Sebagaimana dilaporkan oleh kantor berita ABNA mengutip Al-Masirah, Hazam al-Asad, anggota biro politik gerakan Ansarullah (Yaman), menekankan: "Pasukan agresif Arab Saudi, pangkalan-pangkalan mereka, dan tentara bayaran di tanah Yaman akan menjadi sasaran pasukan kami dan tidak akan memiliki keamanan apa pun."
Ia menambahkan: "Operasi angkatan bersenjata Yaman dilakukan dalam rangka membela hak-hak sah rakyat negara ini, mencabut blokade, dan membela kedaulatan."
Al-Asad menyatakan: "Angkatan bersenjata Yaman terpaksa berperang melawan siapa pun yang bangkit melawan rakyat Yaman. Dalam pertempuran ini, setiap pihak agresor dengan kebangsaan apa pun akan menjadi sasaran."

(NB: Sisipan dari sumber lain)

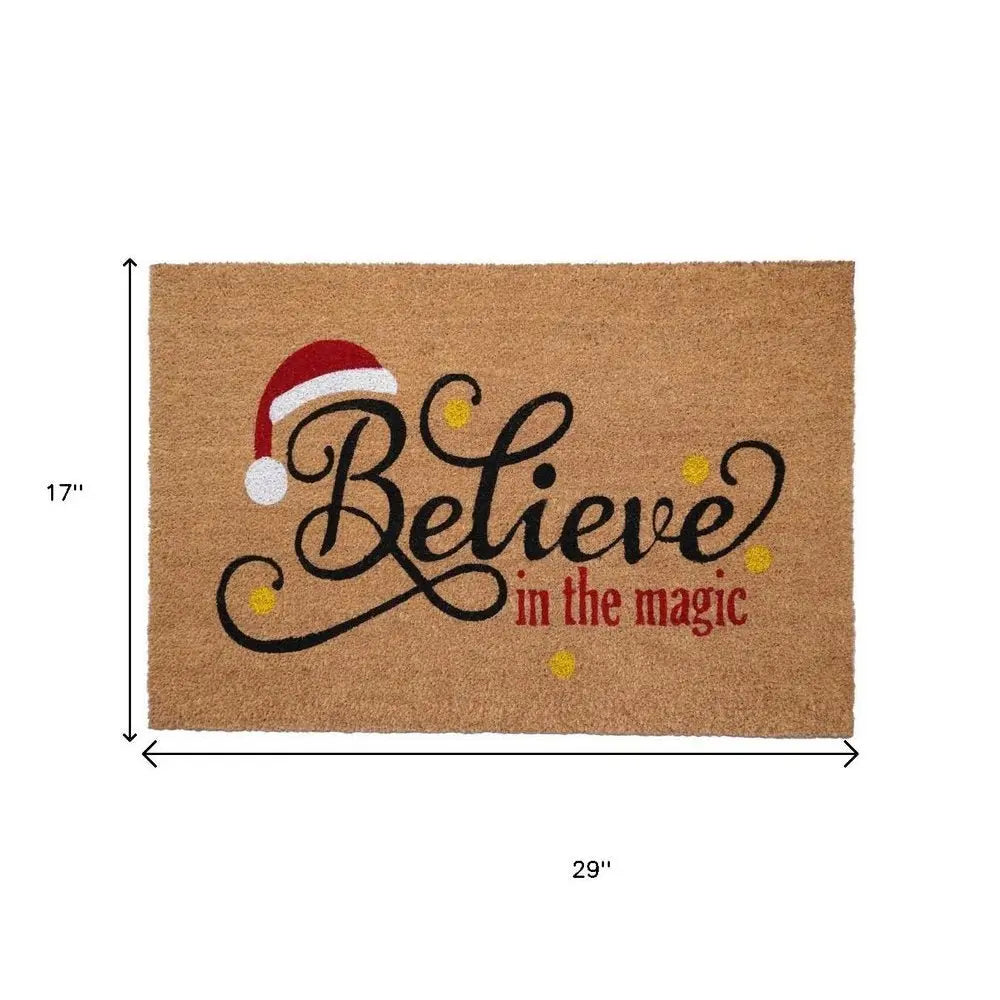 17" X 29" Brown Black And Red Christmas Believe Outdoor Coir Door Mat - NOBLE HOME INTERIORS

Ia mengatakan: "Arab Saudi memiliki kehadiran militer di Yaman dan provinsi Marib, dan Amerika Serikat mendukung kehadiran ini. Washington melalui duta besarnya dan komandan Komando Pusat, bekerja sama dengan Riyadh, telah berupaya mendirikan pangkalan-pangkalan Saudi di tanah Yaman dan merekrut kaum takfiri."